The strategy plan “Japan Vision 2020 highlights “Strengthening foreign language communication“¹ as the key element for Japan to become competitive in the rapidly changing international community.
For quite some time, the Ministry of Education, Culture, Sports, Science, and Technology (MEXT) has been ardently attracting overseas students and English-language teachers to ensure an education environment which corresponds to globalization. Back in 1987, with great hopes and expectations, it started the well-known Japan Exchange and Training (JET) recruitment program.
For close to half a century now, the initiative of bringing college students (mostly native speakers of English) to Japan as Assistance Language Teachers hasn’t had a significant impact on people’s English proficiency level. According to the EF English Proficiency Index, Japan is ranked 37th in terms of its (classified as low) proficiency.

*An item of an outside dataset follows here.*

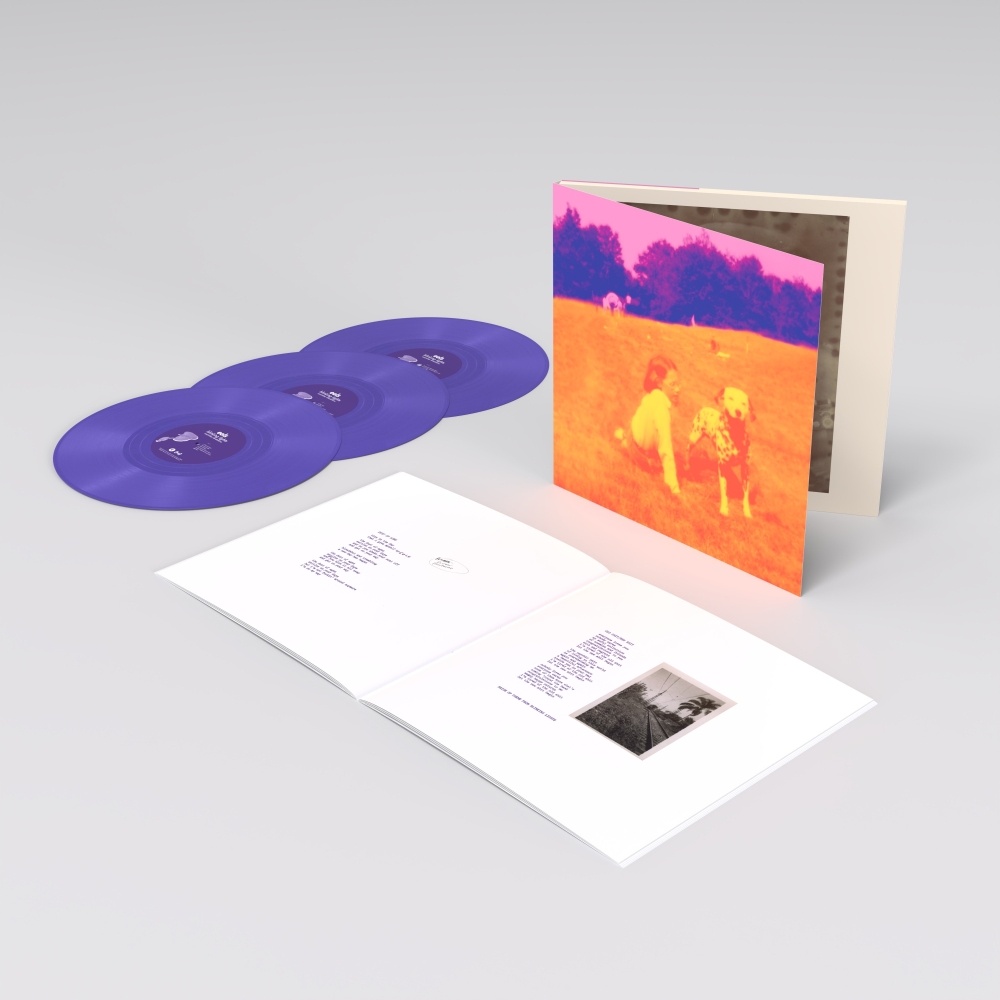 Blinking Lights And Other Revelations Limited Edition Crystal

In a way, it seems like the strategy of importing native English speakers to Japan to educate English is not producing the desired effect. In the meantime, Japan’s rapidly aging population coupled with its low birth rate has resulted in another major national concern – significant labor shortage.
The answer Japan is seeking to its manpower shortage lies in the development of robots to fill various jobs. Specialized robots are being designed to serve a wide range of applications – from assisting the elderly to educating the people. On a side note, given the shrinking, gaining population crisis, making “Caregiving” an official school subject might not be such a bad idea after all.
What the Future Holds
Wouldn’t it be great to predict the future? Can you imagine how would classrooms and classes look like 50 years from now?

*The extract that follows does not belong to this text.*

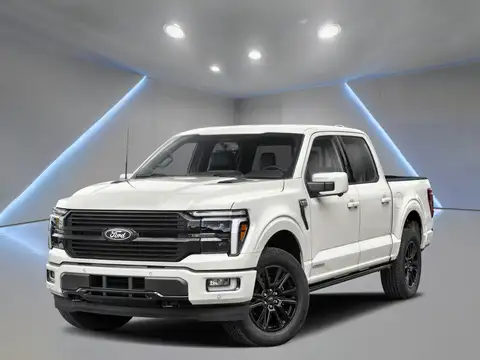 Ford F-150 Platinum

With the rapid progression of technology, the teaching and learning of English (if necessary at all in the presence of high-tech language translation devices which may end everyone’s language barrier issues forever) would take on a whole new meaning.
Gone are the days when teaching English was restricted to building students’ communication and literacy skills.
Schools are no longer interested in English teachers per se. Schools are looking for teachers who can use the English language to prepare the children of today for the world of tomorrow.
Learning English nowadays is not seen as an end itself, but as a means to an end that of nurturing children’s curiosity, creativity, and problem-solving skills.
Though not as utopian as it sounds, the humanoid robot “Pepper” and all its clones would soon pepper the classrooms of schools and will be fully in charge of teaching English to learners of all ages.
Although English-teaching is a highly valued skill-set, new technologies foster the impression that English teaching as a profession will become extinct in a short time.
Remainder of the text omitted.